The Golden Spruce by John Vaillant

Author:John Vaillant
Language: eng
Format: epub
ISBN: 9780307371324
Publisher: Knopf Canada
Published: 2008-07-25T16:00:00+00:00


DESPITE HIS PROPENSITY for envelope-pushing, Hadwin was injured badly in the bush only once—when the pawl on a jack he was using slipped under load, causing the handle to flip up and shatter his jaw. The alarming frequency of accidents in the woods puts Hadwin’s preference for working alone in a different light. Most responsible companies wouldn’t allow it now. Cutting down big trees in total darkness is also frowned on.

The forest at night, in winter, is a very quiet place, and Hadwin’s saw would have sounded unbelievably loud in that peaceful setting. It roared for hours, unheard, apparently, by all but Hadwin. The bull-bucker for MacMillan Bloedel who later performed what can only be described as chainsaw forensics on the tree, noted that Hadwin knew what he was doing. He employed a Humboldt undercut and then cut a series of “cookies”—small window blocks—to allow his sixty-five-centimetre bar access to the heart of the tree.
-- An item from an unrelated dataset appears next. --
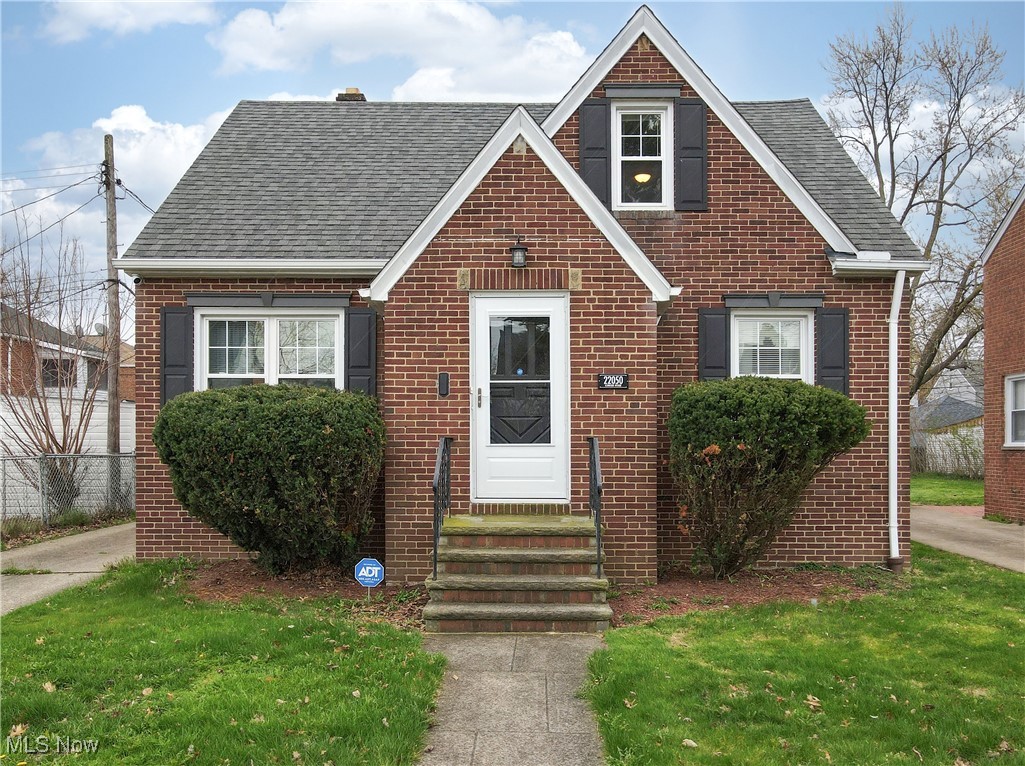 22050 Kenison Avenue Property Photo 1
He had clearly studied his target carefully because he made his cuts and employed falling wedges in such a way that the tree would not fall with its natural lean but rather in line with the prevailing winds and toward the river. Sitka spruce is so strong that two nine-metre logs connected by only ten centimetres of heartwood can be dragged through the forest without breaking, and Hadwin took advantage of this by leaving just enough holding wood so that the golden spruce would remain standing until the next storm blew in.
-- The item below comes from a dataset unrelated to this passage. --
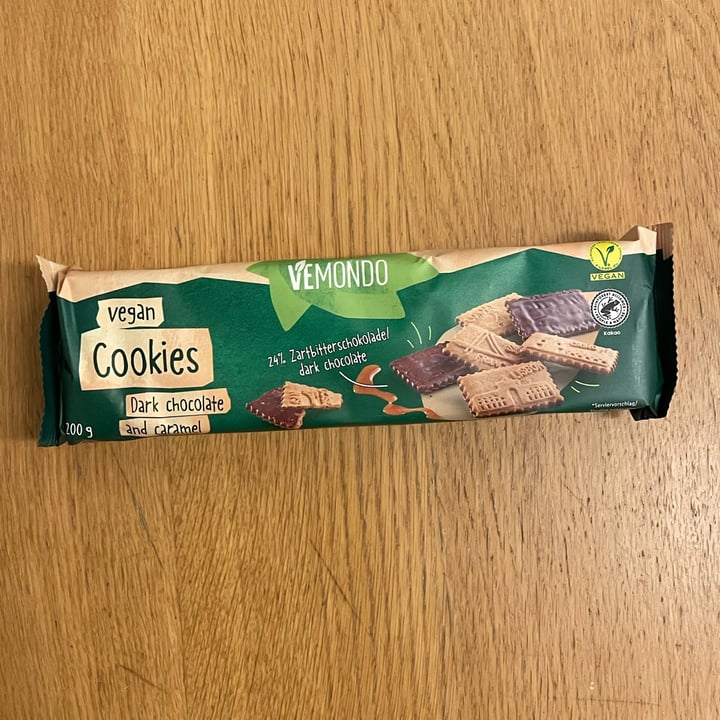 photo of Vemondo Vegan Cookies Dark Chocolate and Caramel shared by @fbradaschia on  11 Oct 2021 - review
But as Hadwin was making his cuts, he was—like every logger—also carving his way into the past. Tree rings that had been hidden since Harry Tingley picnicked there with his father, since the last smallpox epidemic emptied the surrounding villages, since Captain Kendrick was riddled with grapeshot, since a time before Captain Pérez and Chief Koyah were born—all this fled by, unnoticed, in a flickering comet’s tail of sawdust. Hadwin didn’t stop cutting until about 1710, when his own ancestors were still living a near-tribal existence in the British Isles and the masts of the first Nor’westman had yet to puncture the southern horizon. Then Hadwin shut down the saw, packed up his gear, and floated it back across the Yakoun, leaving behind an audible silence and a tree so unstable that it would have shivered with every breath.